Start of RECORDED DATA

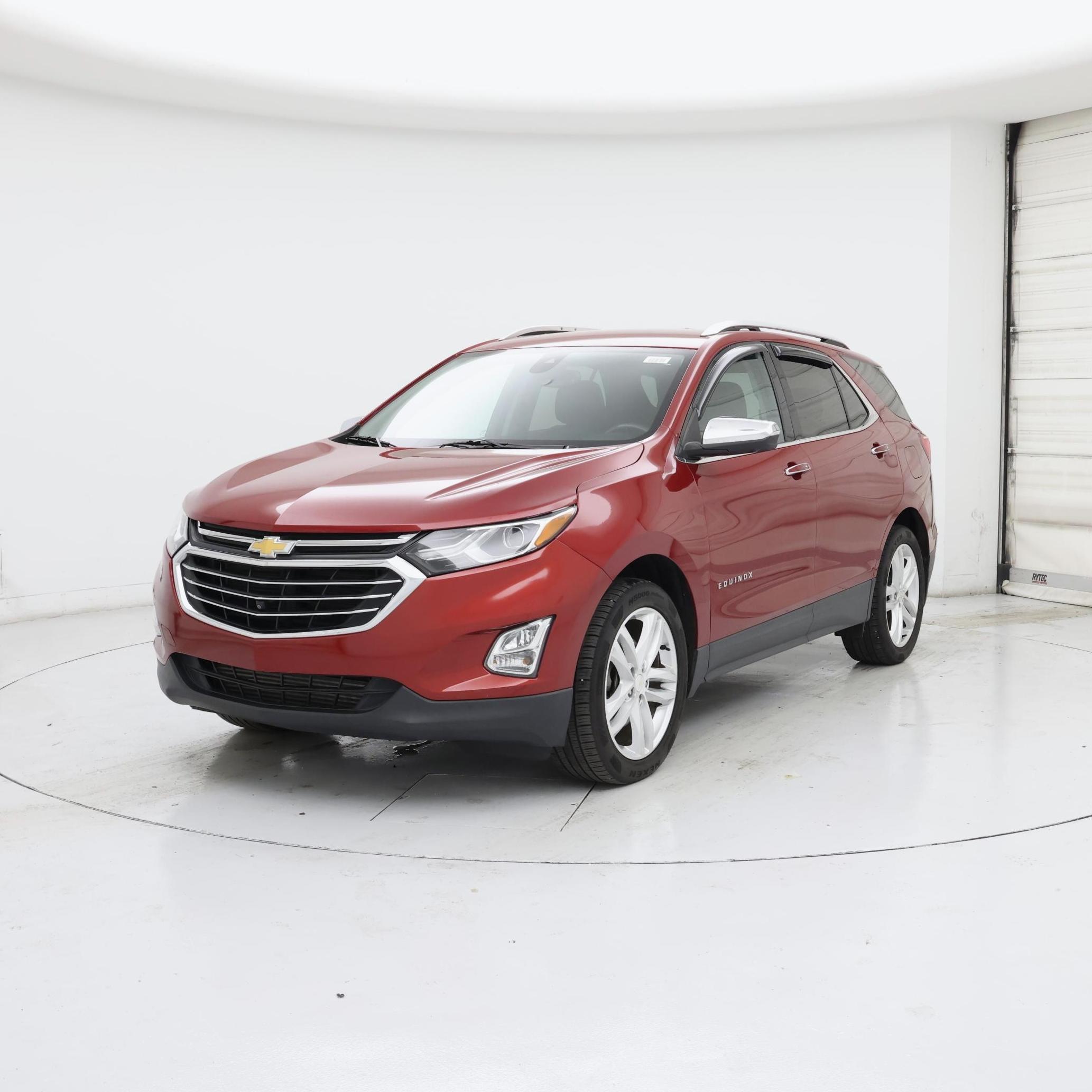Thumbnail: 2019 Chevrolet Equinox - 4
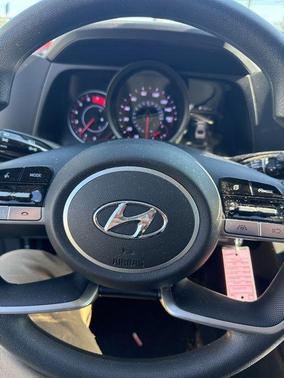 Fluid Metal 2023 Hyundai ELANTRA SE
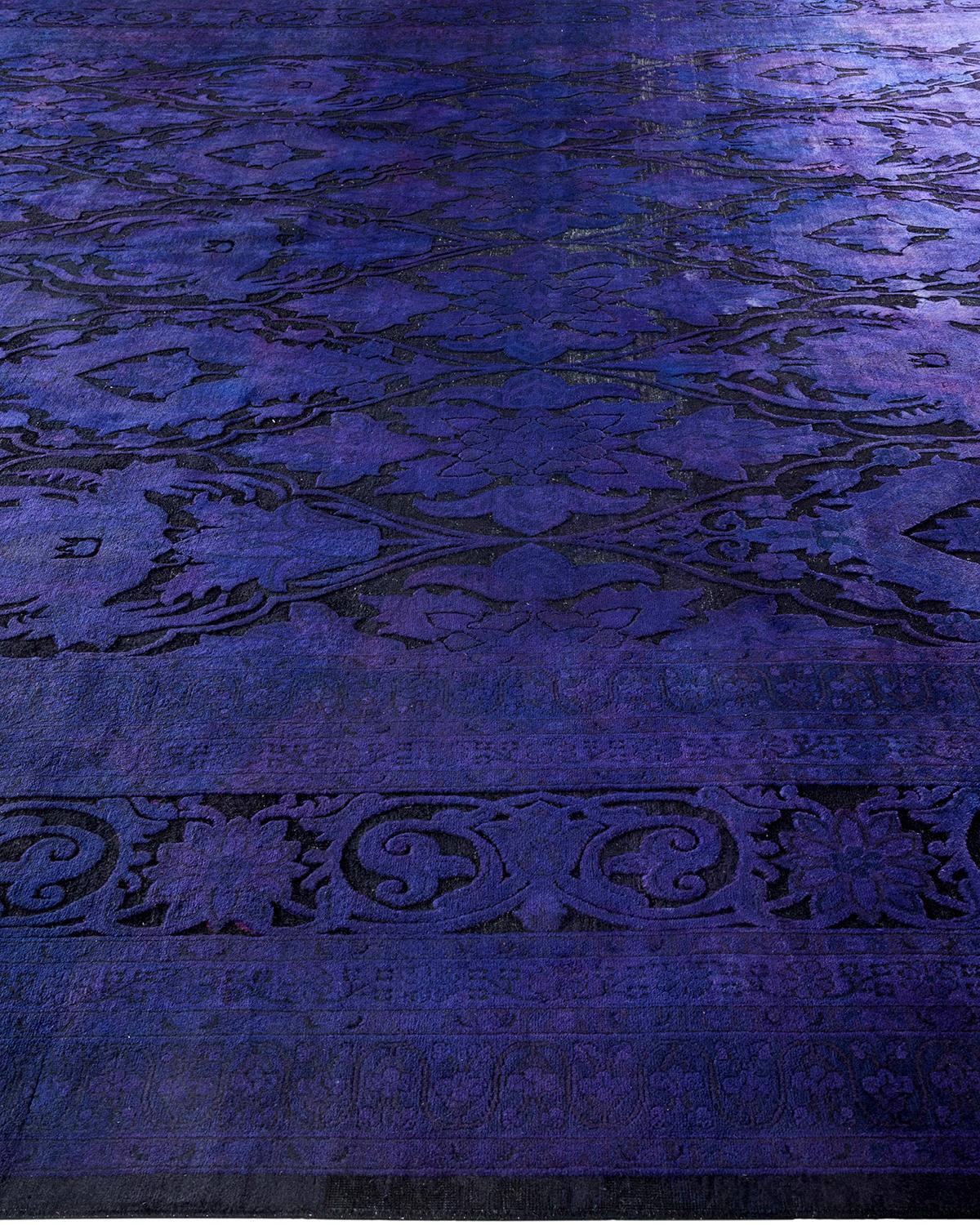 Alfombra de lana púrpura anudada a mano, vibración fina y contemporánea en Nuevo estado para la venta en Norwalk, CT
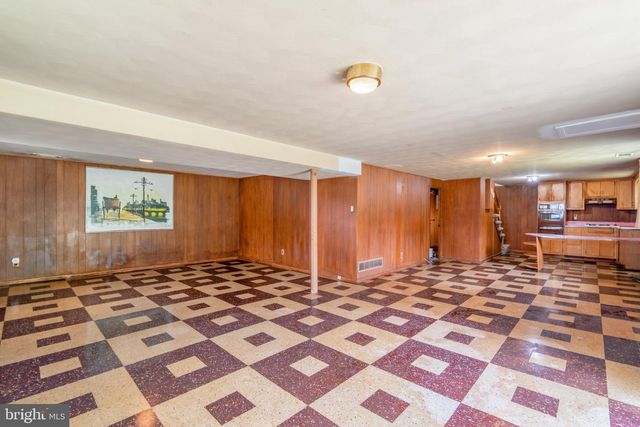 6812 FOX MEADOW RD, Baltimore, MD 21207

End of RECORDED DATA

Copy nothing but the lines from the one containing "Alfombra de lana" through the last line of the listing above, transcribed exactly and with no pictures.

**ANSWER BOX:**
 Alfombra de lana púrpura anudada a mano, vibración fina y contemporánea en Nuevo estado para la venta en Norwalk, CT
 6812 FOX MEADOW RD, Baltimore, MD 21207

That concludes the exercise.